**EXCERPTED RECORDS**:
══════════════════════════════

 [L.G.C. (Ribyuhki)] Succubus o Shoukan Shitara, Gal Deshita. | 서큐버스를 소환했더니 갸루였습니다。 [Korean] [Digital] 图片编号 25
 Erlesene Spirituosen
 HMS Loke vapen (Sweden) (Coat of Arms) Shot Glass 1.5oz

══════════════════════════════

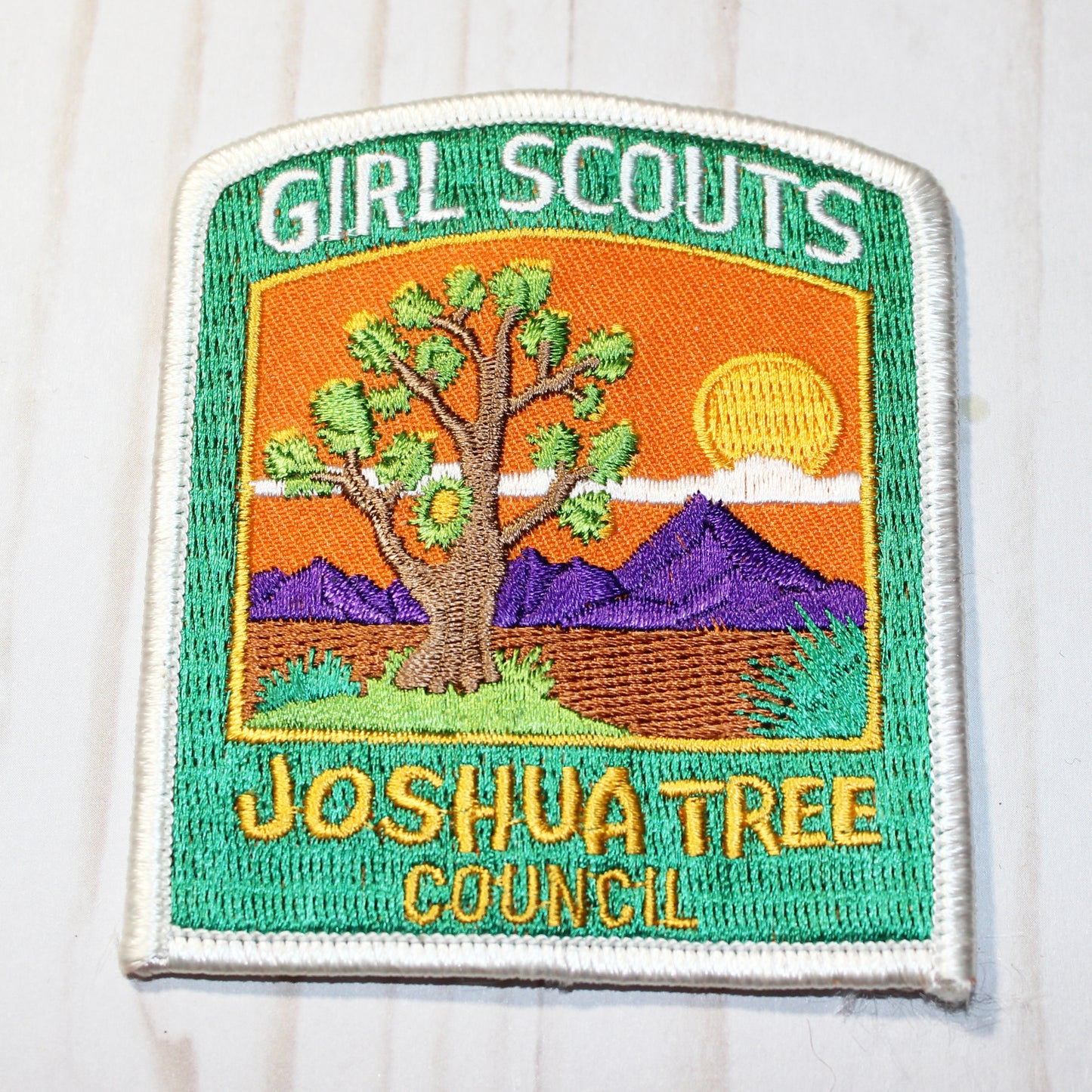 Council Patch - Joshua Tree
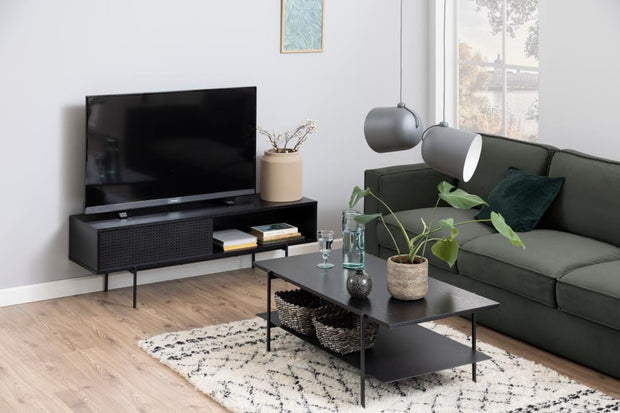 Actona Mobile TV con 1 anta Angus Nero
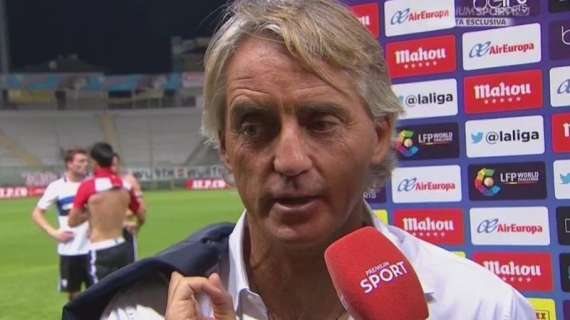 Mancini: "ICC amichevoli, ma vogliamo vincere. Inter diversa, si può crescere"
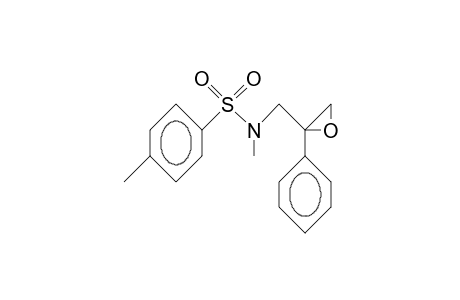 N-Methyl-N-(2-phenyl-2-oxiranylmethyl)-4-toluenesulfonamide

══════════════════════════════

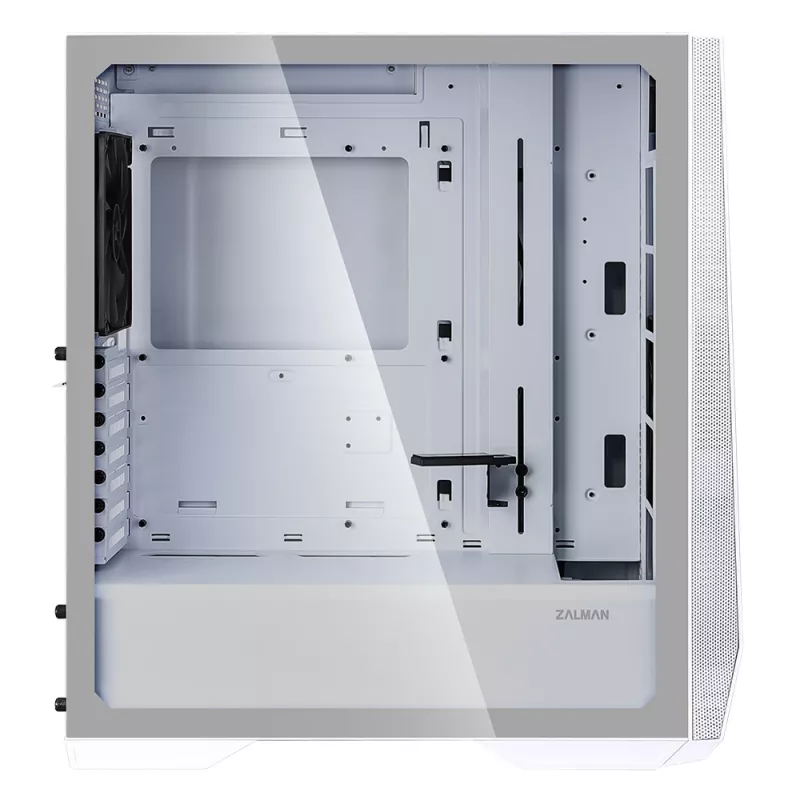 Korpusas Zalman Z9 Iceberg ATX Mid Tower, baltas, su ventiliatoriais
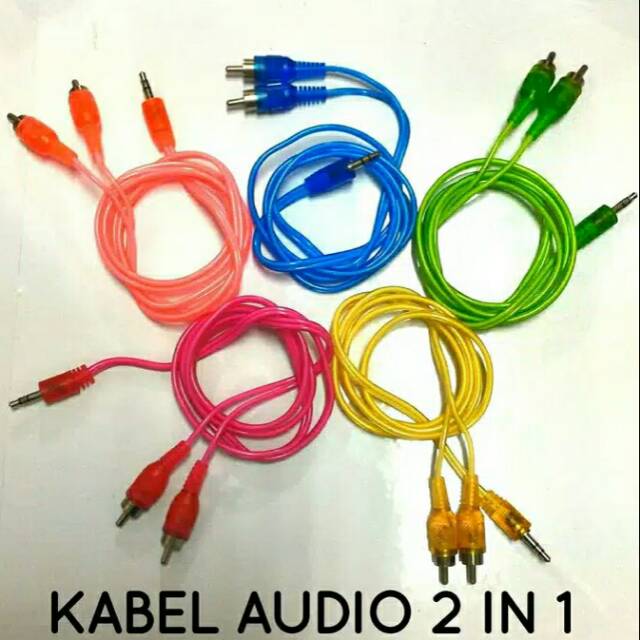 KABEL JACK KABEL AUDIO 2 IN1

══════════════════════════════

**EXERCISE REQUIREMENTS**:
Please copy, exactly as written, every line in the listing above from the line with "Erlesene Spirituosen" up to and including the line with "HMS Loke vapen".

**RESPONSE AREA**:
 Erlesene Spirituosen
 HMS Loke vapen (Sweden) (Coat of Arms) Shot Glass 1.5oz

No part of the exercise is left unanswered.